(Exercise material begins)

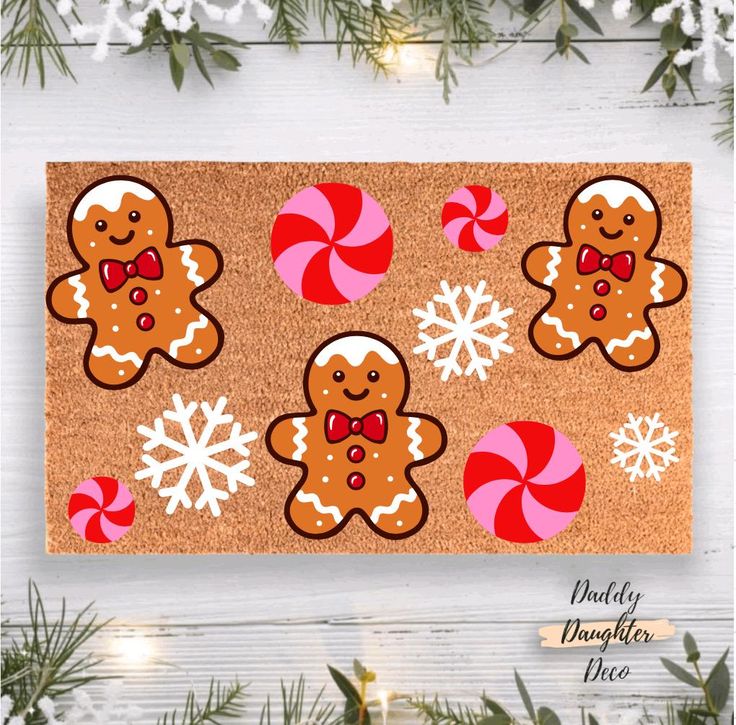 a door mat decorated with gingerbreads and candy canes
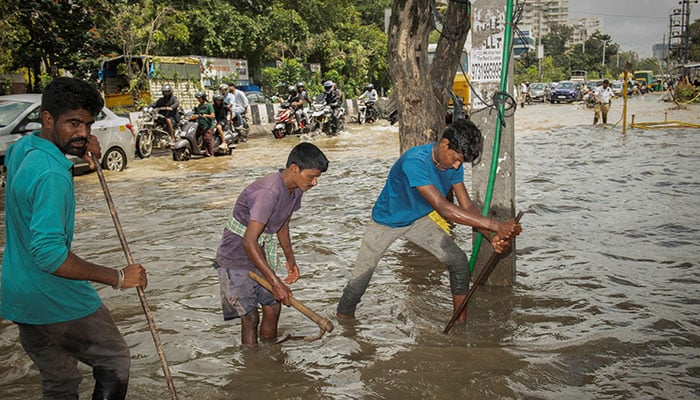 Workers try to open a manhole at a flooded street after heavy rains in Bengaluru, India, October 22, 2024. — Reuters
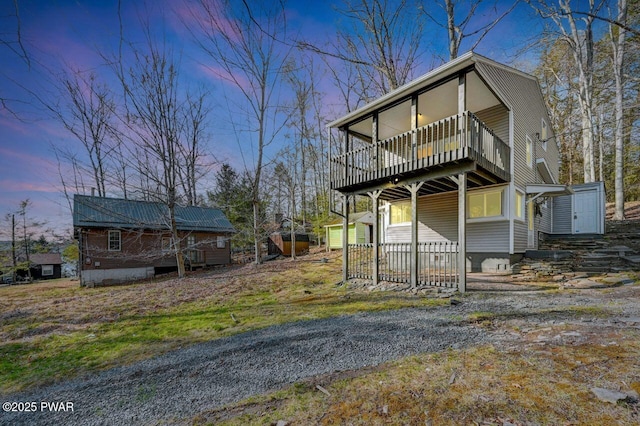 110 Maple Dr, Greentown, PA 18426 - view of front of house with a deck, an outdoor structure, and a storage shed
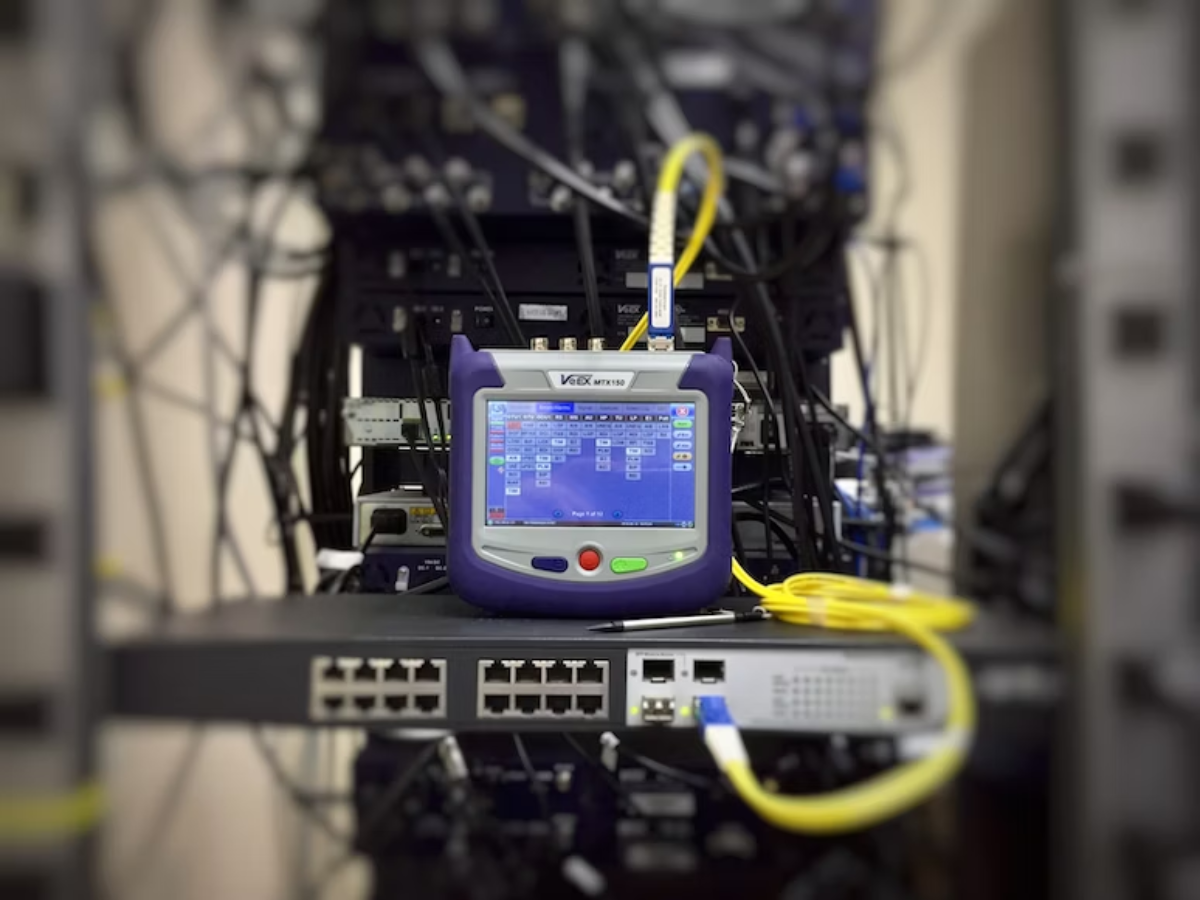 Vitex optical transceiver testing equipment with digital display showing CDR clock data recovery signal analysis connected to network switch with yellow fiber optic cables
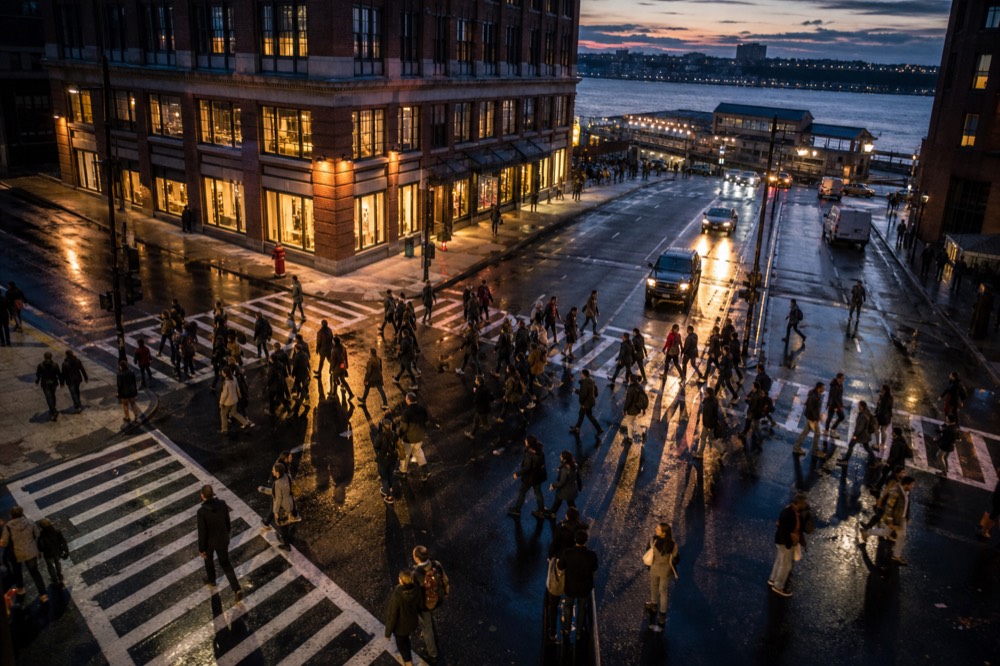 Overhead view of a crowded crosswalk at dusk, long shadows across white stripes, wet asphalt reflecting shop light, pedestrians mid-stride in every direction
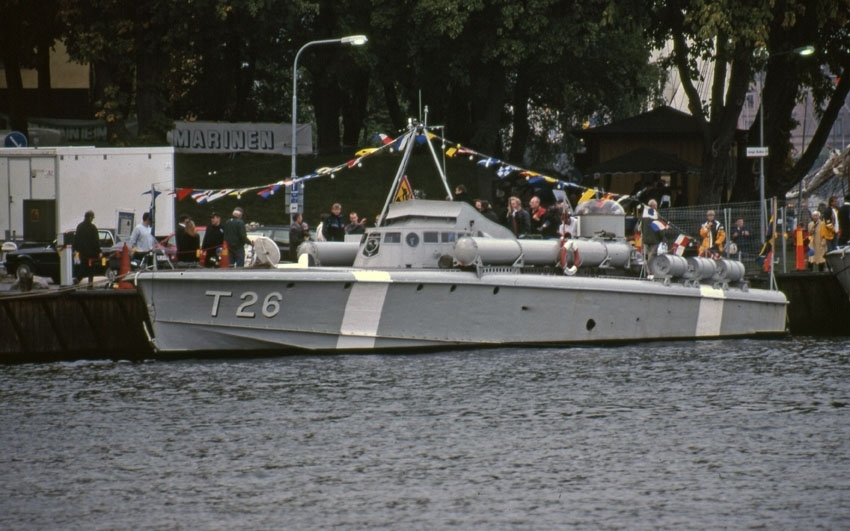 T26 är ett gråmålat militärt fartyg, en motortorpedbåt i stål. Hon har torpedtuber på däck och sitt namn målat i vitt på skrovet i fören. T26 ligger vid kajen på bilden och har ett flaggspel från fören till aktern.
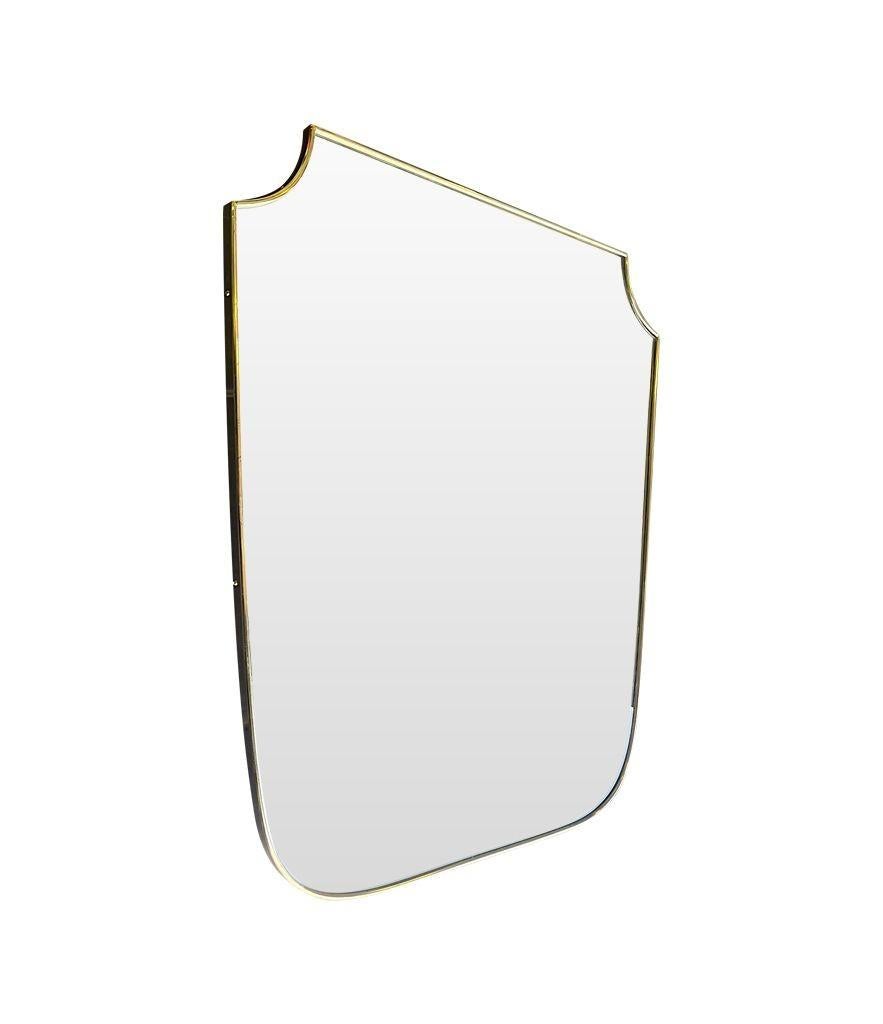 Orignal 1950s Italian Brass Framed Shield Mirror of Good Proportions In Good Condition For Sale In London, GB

(Exercise material ends)

--- Work to be completed ---
Would you output the lines above from the line holding "Workers try to" up to and including the line holding "Vitex optical transceiver", exactly and only those, with no pictures?

--- Answer box ---
 Workers try to open a manhole at a flooded street after heavy rains in Bengaluru, India, October 22, 2024. — Reuters
 110 Maple Dr, Greentown, PA 18426 - view of front of house with a deck, an outdoor structure, and a storage shed
 Vitex optical transceiver testing equipment with digital display showing CDR clock data recovery signal analysis connected to network switch with yellow fiber optic cables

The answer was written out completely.